-------- SOURCE MATERIAL

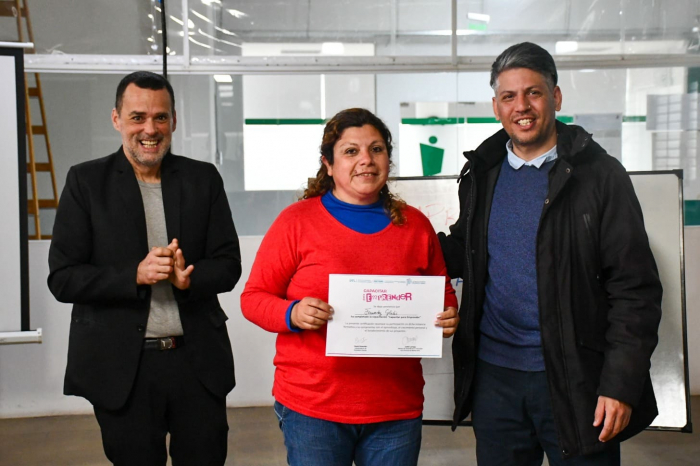 Capacitación a emprendedores: Provincia otorgó certificados en Pergamino Formación laboral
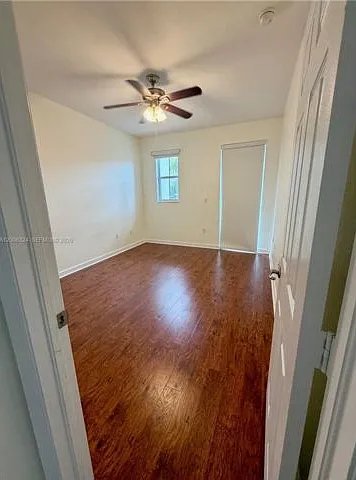 10747 NW 76th Ln — Photo 9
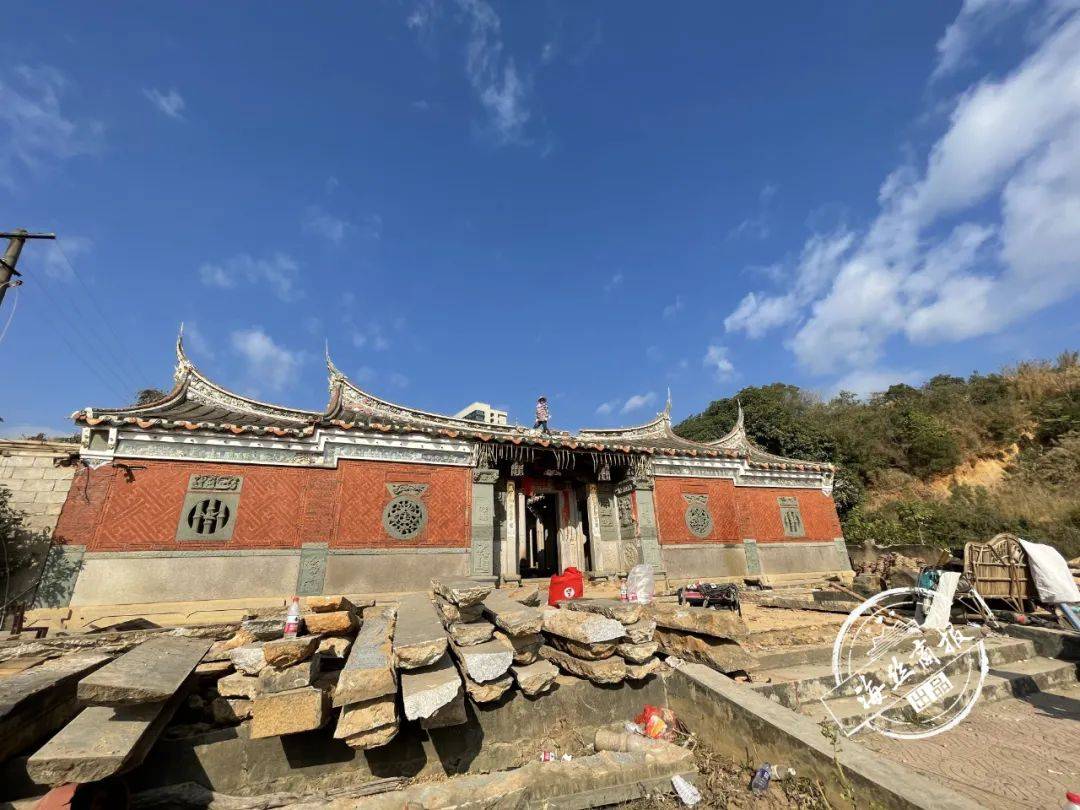 报道19户100多人整体搬迁仑苍这个重点项目开工了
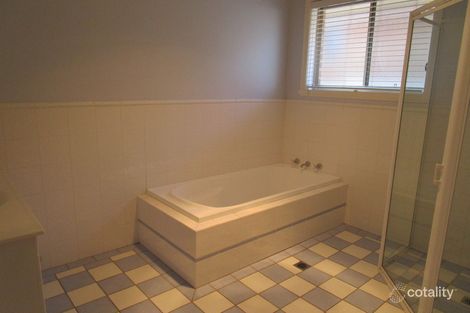 Property photo of 4 Birchgrove Drive Orange NSW 2800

----------------

-- TASK INSTRUCTIONS --
Please copy out each line above exactly as written, but not the pictures.

-- RESPONSE FOR THIS EXERCISE --
 Capacitación a emprendedores: Provincia otorgó certificados en Pergamino Formación laboral
 10747 NW 76th Ln — Photo 9
 报道19户100多人整体搬迁仑苍这个重点项目开工了
 Property photo of 4 Birchgrove Drive Orange NSW 2800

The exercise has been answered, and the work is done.